What is the greatest challenge with reports produced for health care providers, managers, directors, and executives?
Reports produced under evidence-based medicine have different challenges that affect the productivity and use of the reports. The reports produced are negatively affected by limitations of systemic reviews thus affecting decision making (Zarin, Youg and West, 2005). The systemic reviews incorporate important principles in research but they negatively affect decision making by limiting the flexibility and implementation of the report.
The evidence-based medicine and clinical research are not perfect thus affecting the quality and effectiveness of the reports produced. Clinical research is poorly analyzed, conducted, designed and reported thus intruding flaws at every stage of handling information collected and eventually affect the quality of the report (Zarin, Youg and West, 2005). The poor and ineffective process of developing a report makes wrong decisions to be taken on medicine thus affecting the quality of medical services and practices offered.
The quality of the EBM guidelines is in questions as they are not based on solid scientific evidence thus adversely affecting and lowering the quality of reports produced (Zarin, Youg and West, 2005). The EBM work and processes are done in line with meta-review of large and double-blind RCTs but this is not the case thus putting the research process in question among the professionals. Therefore, the reports are not as reliable as they lack the “Gold standard” that qualifies and certified medical processes and products.

References
Guyatt, G., Cook, D., & Haynes, B. (2004). Evidence based medicine has come a long way.

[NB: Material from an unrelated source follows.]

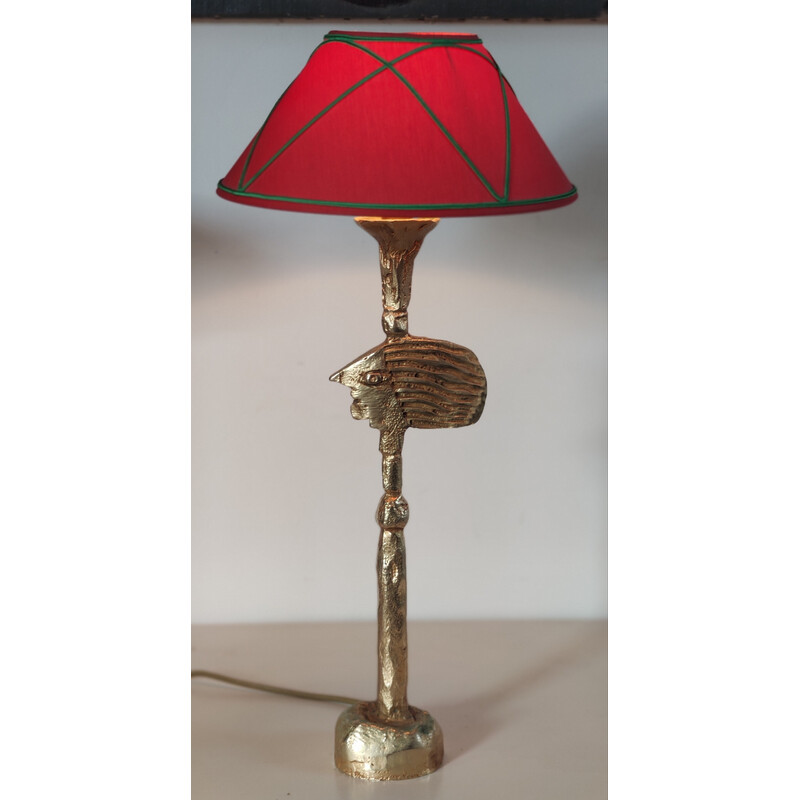 Lampe de table vintage en bronze doré de Pierre Casenove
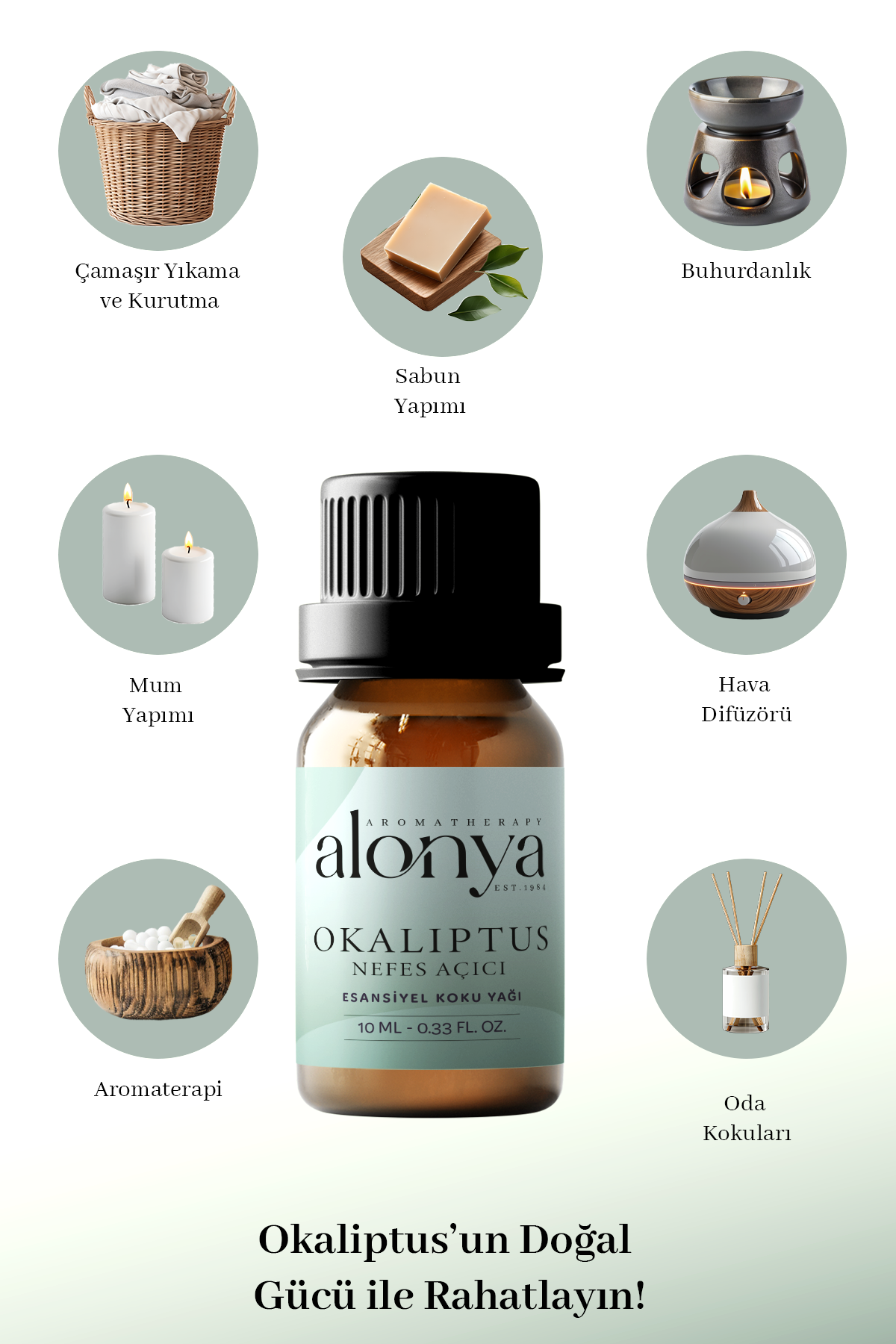OKALİPTUS ESANSİYEL UÇUCU KOKU YAĞI ORTAM KOKUSU DOĞAL YAĞ AROMATERAPİ YAĞI 10 ML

Odom, S. L., Brantlinger, E., Gersten, R., Horner, R. H., Thompson, B., & Harris, K. R. (2005). Research in special education: Scientific methods and evidence-based practices. Exceptional children, 71(2), 137-148.
Pronovost, P. J., Berenholtz, S. M., & Needham, D. M. (2008). Translating evidence into practice: a model for large scale knowledge translation. Bmj, 337, a1714.
Zarin, D. A., Young, J. L., & West, J. C. (2005). Challenges to evidence-based medicine. Social psychiatry and psychiatric epidemiology, 40(1), 27-35.